• _Assignment_:
Each record should reappear exactly in your answer, minus any picture.

• _Records shown_:
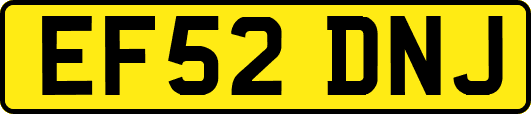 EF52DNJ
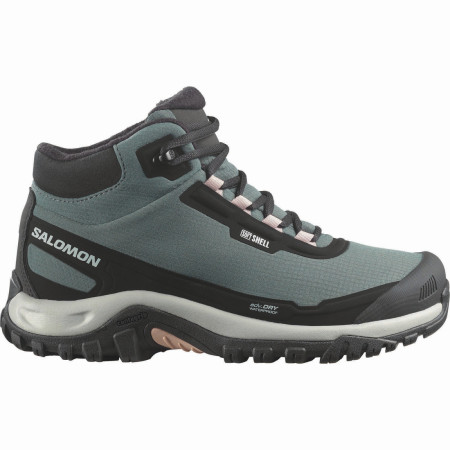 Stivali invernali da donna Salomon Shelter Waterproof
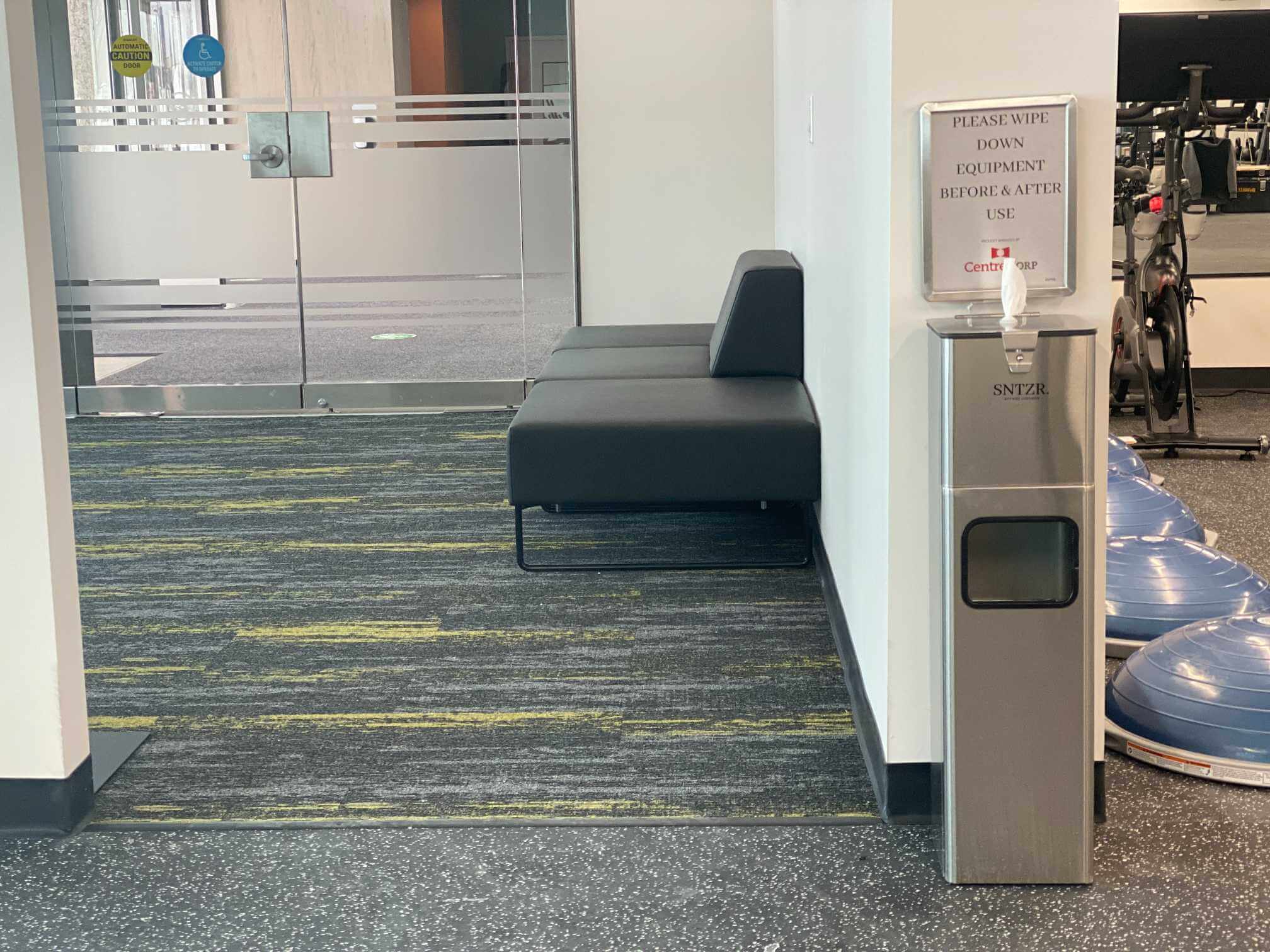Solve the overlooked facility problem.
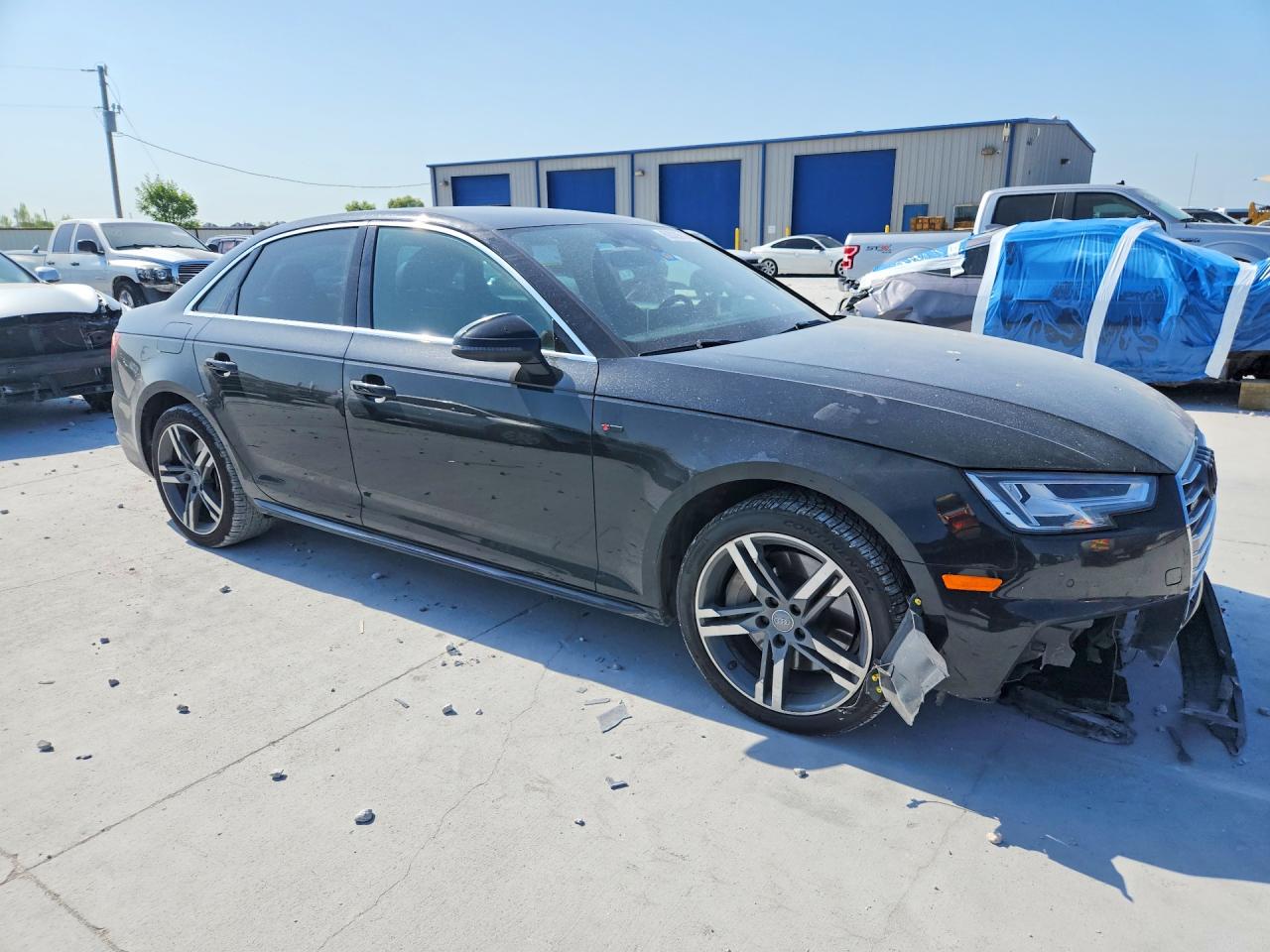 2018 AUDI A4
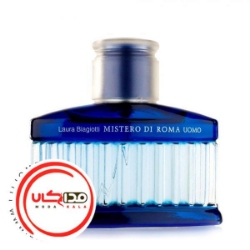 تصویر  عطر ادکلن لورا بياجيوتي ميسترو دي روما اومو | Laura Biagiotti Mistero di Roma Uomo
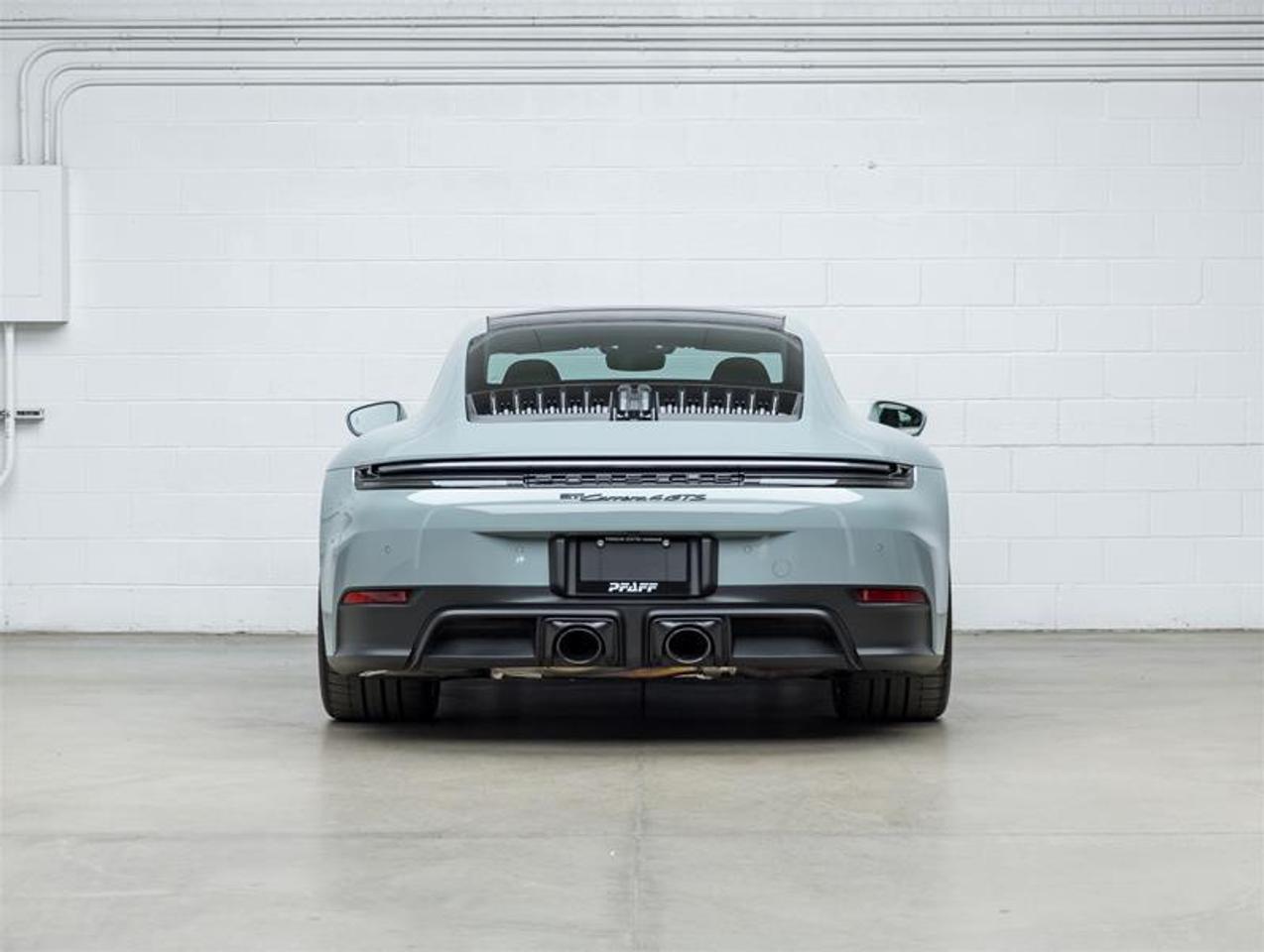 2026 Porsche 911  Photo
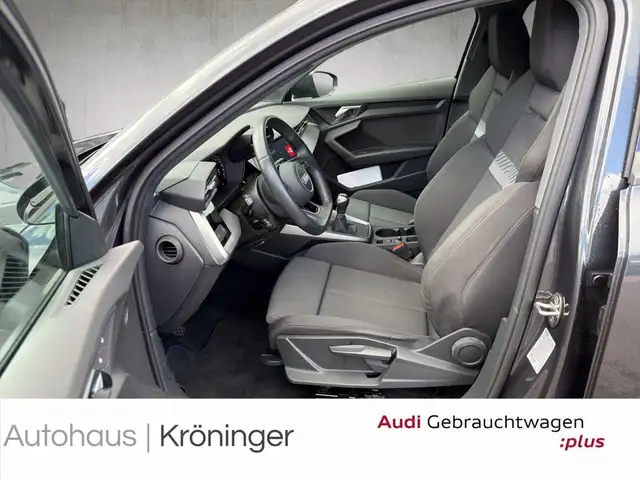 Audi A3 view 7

• _Your solution_:
 EF52DNJ
 Stivali invernali da donna Salomon Shelter Waterproof
Solve the overlooked facility problem.
 2018 AUDI A4
 تصویر  عطر ادکلن لورا بياجيوتي ميسترو دي روما اومو | Laura Biagiotti Mistero di Roma Uomo
 2026 Porsche 911  Photo
 Audi A3 view 7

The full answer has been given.